WHAT ARE ATTENDANT SERVICES?

Almost eight million Americans need assistance with daily living tasks like dressing, eating, toileting, house keeping, as well as things like remembering to take medications, balancing a checkbook, etc.. This assistance is called attendant services. A 1993 Families USA study found that 64% of people needing such assistance were not able to get it last year.

WHY IS THIS A NATIONAL CONCERN?

Our defacto national long-term services policy opts for institutionalizing people who need assistance, rather than helping folks in their own homes and/or communities. Two glaring examples of the institutional bias in our current system are:

     *  Every state that gets Medicaid funding is required to have
        nursing homes.  There is no requirement for home and
        community-based services, which (when provided) are
        completely optional services or small, discretionary waiver
        programs.

* In 1993 we spent 82% of our federal long term funds on nursing homes ($28.4 Billion), six (6) times as much as on home and community-based services ($4.6 Billion).

Funding, policies and regulations all contribute to this institutional bias. And the system is driven from the federal level down.

Outdated attitudes, that can not conceive of people with disabilities living in the community with attendant services, foster the current system. Even greater encouragement comes from the lobbying of the powerful nursing home industry (now worth over $60 Billion), whose goal is to keep the dollars flowing to their programs without regard to the needs of the individual, or our society in general. We have become the crop of an industry making profits off of our lives.

WHY DOES THIS ISSUE NEED TO BE ADDRESSED NOW?

Long term care must be reformed if it is to truly meet the needs of our society. As our society ages, as people with disabilities are able to live, the pressures will only grow. Good, community-based attendant services, part of long term care, can prevent many health complications, and help people maintain themselves at greater levels of independence and productivity. Every day we wait, more lives are being wasted.

WHO IS EFFECTED AND HOW?

You do not go into a nursing home because of your age. People are not admitted because they turn 65, 80 or even 101 years old. You go in because you acquire a disability. (It may be acquired at birth, or through to the aging process, by accident, or illness). Lack of community-based resources also contribute to forcing people into institutions. NO ONE, regardless of age, WANTS to go to a nursing home. Yet we keep sending people to them. In 1992 1.6 Million people, old and young, were trapped in nursing homes.
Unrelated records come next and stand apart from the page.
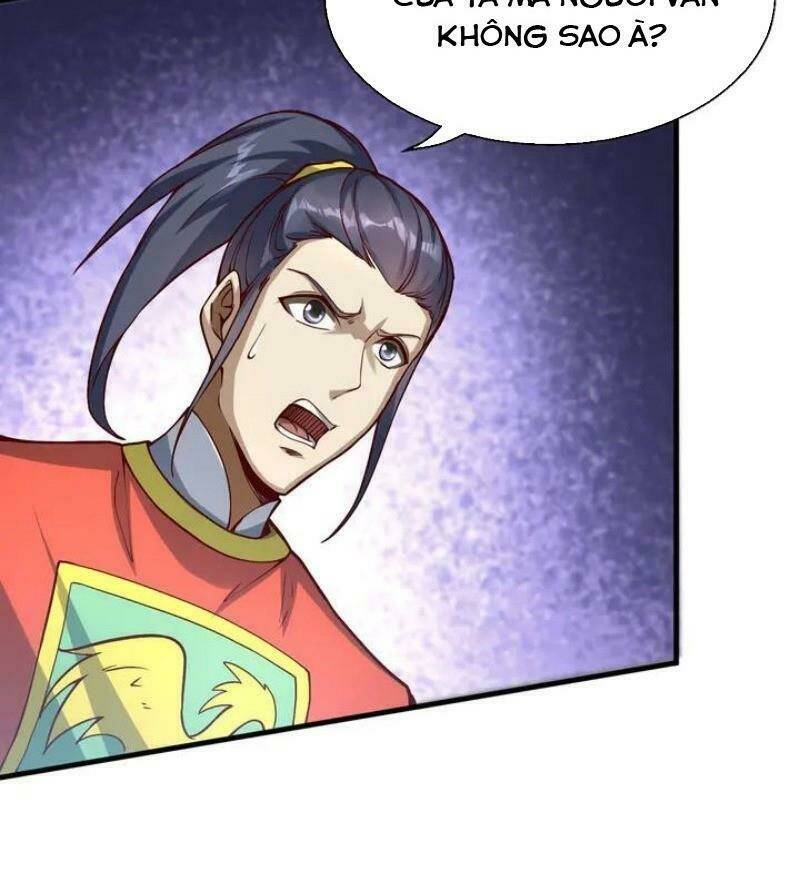 Đấu Hồn Đại Lục: Chapter 38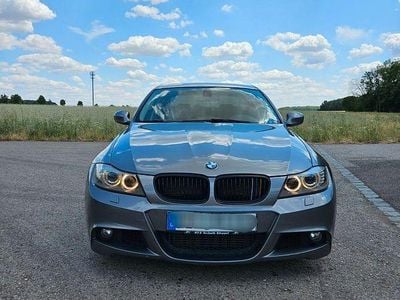 BMW 335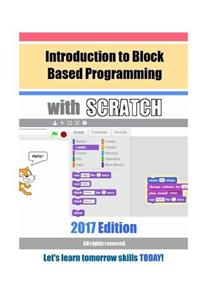 Introduction to Block Based Programming with Scratch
It is not just the individual who is effected. The current bias is anti-family. Families are split apart because government policies will not help even children live at home. The bias is bad economically for us all. Attendant services mean jobs. Without these services, family members -- mostly women -- are forced to give up jobs in order to provide this assistance. On average it is cheaper to help people in their own homes.
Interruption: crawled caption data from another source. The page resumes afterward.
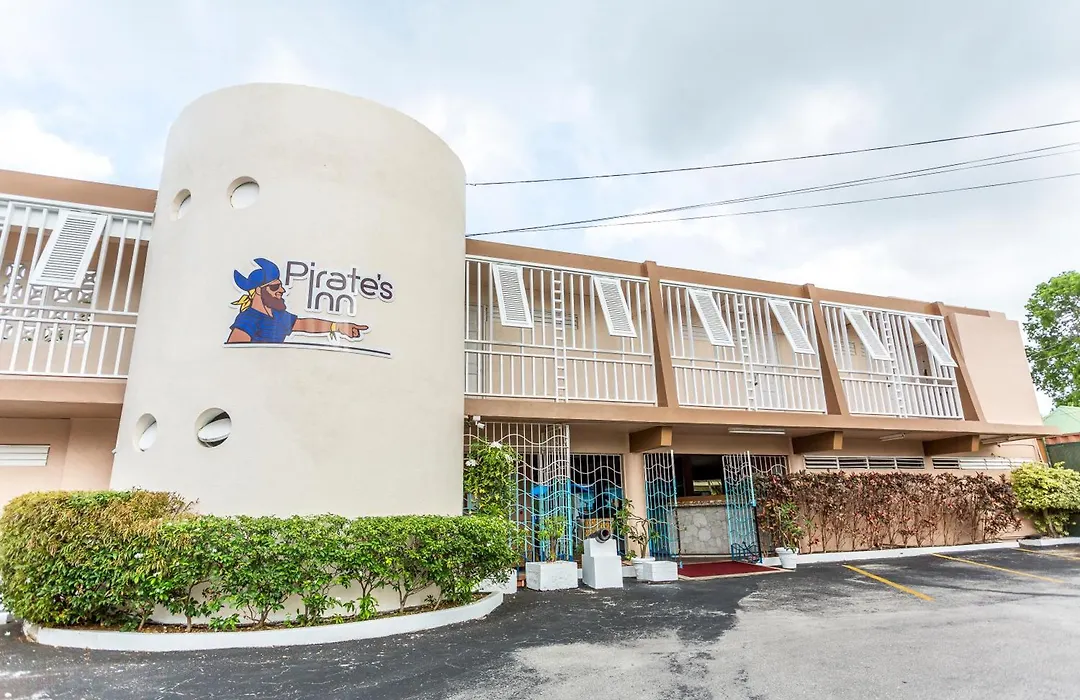 Pirate'S Inn-1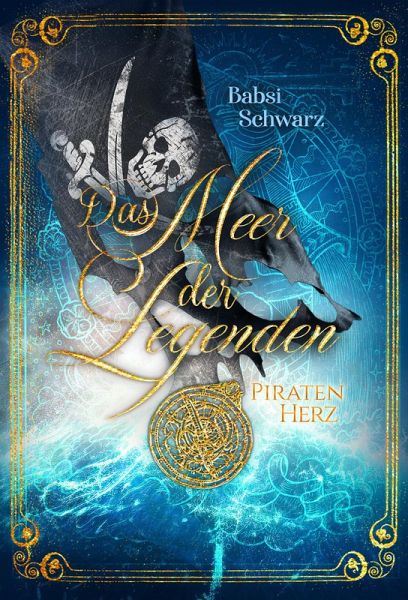 Das Meer der Legenden 2 (eBook, ePUB) Das Meer der Legenden 2 (eBook, ePUB)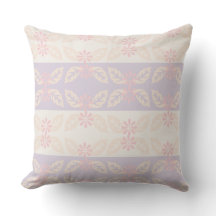 Pastel Floral
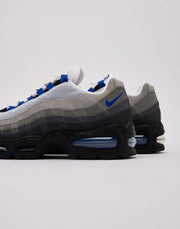 Nike Air Max 95 Big Bubble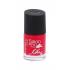 Rimmel London Salon Pro Kate Lakier do paznokci dla kobiet 12 ml Odcień 239 Red Ginger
This bias is inhumane. More and more people choose to die rather than exist in a nursing home. A 1993 Wall Street Journal article outlined this phenomenon among older Americans. ADAPT members have known this for years from personal experiences.
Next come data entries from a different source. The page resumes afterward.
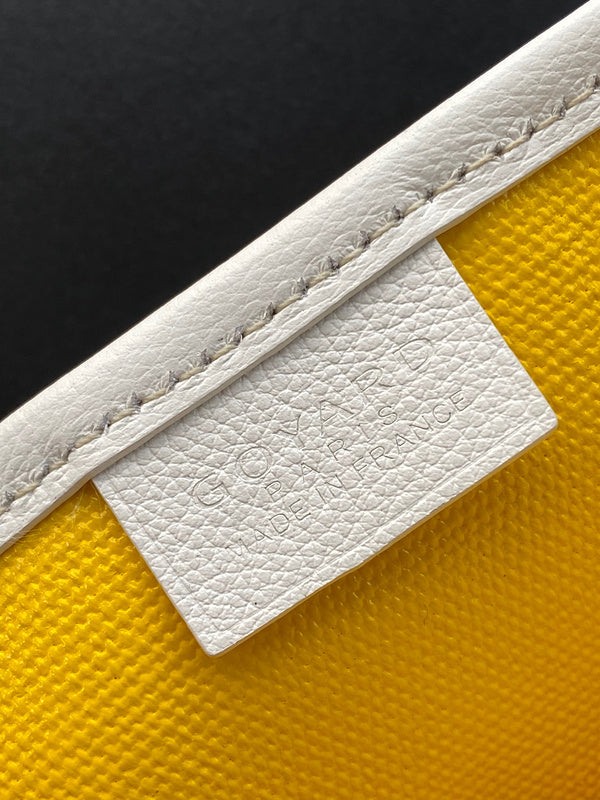 Luxe Touch Bags - GOD Bags - 090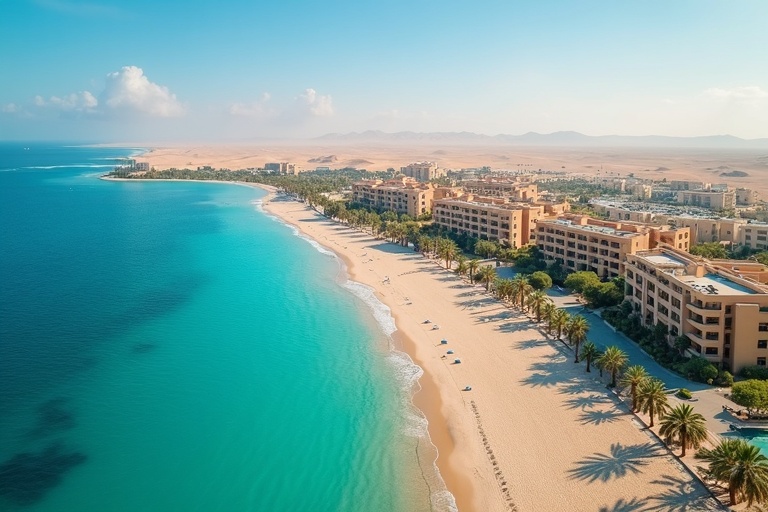 Hurghada
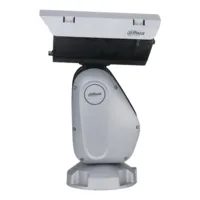 Cámara PTZ IP 8M con posicionador WDR Starlight IR1000m 48X IP67 SD AUDIO E/S AI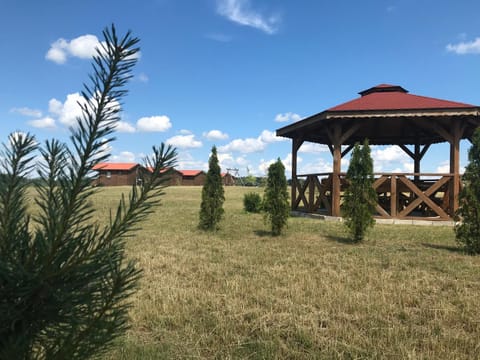 Domki na Wzgórzu House in Lithuania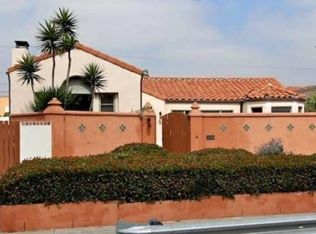 1041 Hauser Blvd, Los Angeles, CA 90019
WHERE IS THE NEED MOST URGENT?

This national issue calls out for a nationwide solution. People who need attendant services in Massachusetts have the same needs as people in Southern California, Kansas, Washington and Utah. There is nothing unique about taking a bath in Kentucky, or eating dinner in Georgia that warrants a "states' rights" approach to service delivery. As each state faces fiscal crises, community-based services are being devastated; people are being compelled to fight for even the most basic assistance. Then we see more and more people coerced into institutions or fleeing to another state where cuts have not yet started.

WHAT IS ADAPT?

ADAPT, American Disabled for Attendant Programs Today, is a grassroots, disability organization. ADAPT's first issue was access to public transit. We fought this civil rights battle for almost a decade, going to jail at times in order to achieve equality. Once we won this, it was obvious freedom was our next issue. Most of our members are users of attendant services and many had to fight to free themselves from nursing homes and similar institutions. We can not use hard won rights guaranteed under the Americans with Disabilities Act if we are stuck in bed, let alone in an institution.